Análise do jogo Starfield
Após mais de 20 anos trabalhando exclusivamente em franquias já estabelecidas, a talentosa equipe da Bethesda Game Studios decidiu se arriscar na criação de um universo completamente inédito. O resultado disso é Starfield; um RPG espacial massivo lançado exclusivamente para a nova geração. Permeado de promessas mirabolantes, o jogo parte de uma premissa simples: reunir artefatos misteriosos espalhados por diferentes galáxias para desvendar um antigo segredo do universo. Como um bom RPG, realizar ou não essa tarefa é decisão do jogador. Há muito o que explorar fora da missão principal, podemos casar, virar um pirata espacial ou quem sabe se tornar um vigilante, daqueles que usam um traje chamativo e enfrentam os malfeitores. Acompanhado de sua preciosa nave, cabe a você decidir qual será seu papel.

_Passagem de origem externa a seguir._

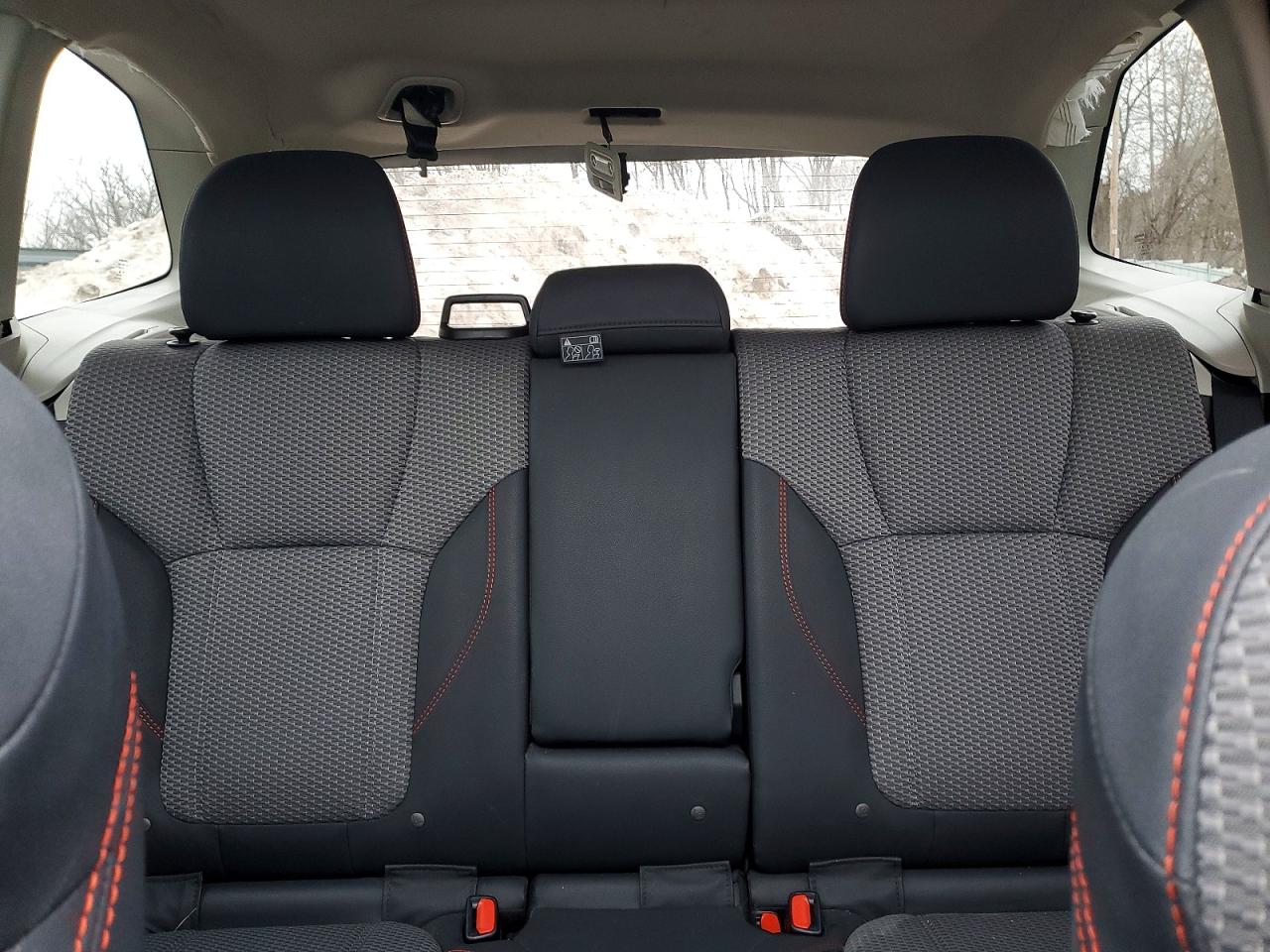 2020 SUBARU FORESTER photo 28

A aventura começa um tanto insossa. O protagonista é um minerador sem nome que trabalha numa caverna escura e encontra um minério estranho. Ao coletá-lo, sua mente é consumida por uma visão misteriosa e é depois disso que de fato assumimos o controle, iniciando o processo de customização. Cabelo, cor de pele e gênero são totalmente modificáveis, mas o real destaque desse sistema está na mecânica de perks, onde é possível definir parte da personalidade e história do personagem. As perks vão desde ter um passado na futurística cidade de Neon até possuir um fã completamente obcecado que oferece alguns presentes em troca da sua paz de espírito. Nenhuma dessas características irá mudar drasticamente o gameplay, todavia todas oferecem algo que torna a experiência única de alguma forma, normalmente trazendo um bônus e uma desvantagem. Com o personagem criado, basta fazer algumas atividades simplórias e pronto: você tem uma nave e a missão de se unir à Constelação para buscar mais artefatos.
É possível que logo em sua primeira viagem uma nave hostil lhe ataque. Há sempre a opção de destruí-la fazendo uso do divertido sistema de combate espacial, existindo também a possibilidade de acoplar na embarcação inimiga, acabar com sua tripulação e assumir a direção. Caso tenha interesse, o jogador pode registrar sua recém “adquirida” nave para conseguir vendê-la e faturar alguns créditos. Também podemos modificá-la livremente, adicionando armas diferentes ou até mudando toda sua estrutura. Por conta da densidade da customização, fazer isso não é muito intuitivo, mas com um pouco de prática você pega o jeito. O mesmo vale para a mecânica de criação de entrepostos: basta encontrar um lugar fora das grandes cidades e começar a criar sua base, que pode ser uma casinha confortável ou um conglomerado de máquinas usadas para extrair recursos do planeta. Saiba, porém, que a maior parte das estruturas de um entreposto são feitas com minérios, e alguns podem ficar em planetas realmente distantes.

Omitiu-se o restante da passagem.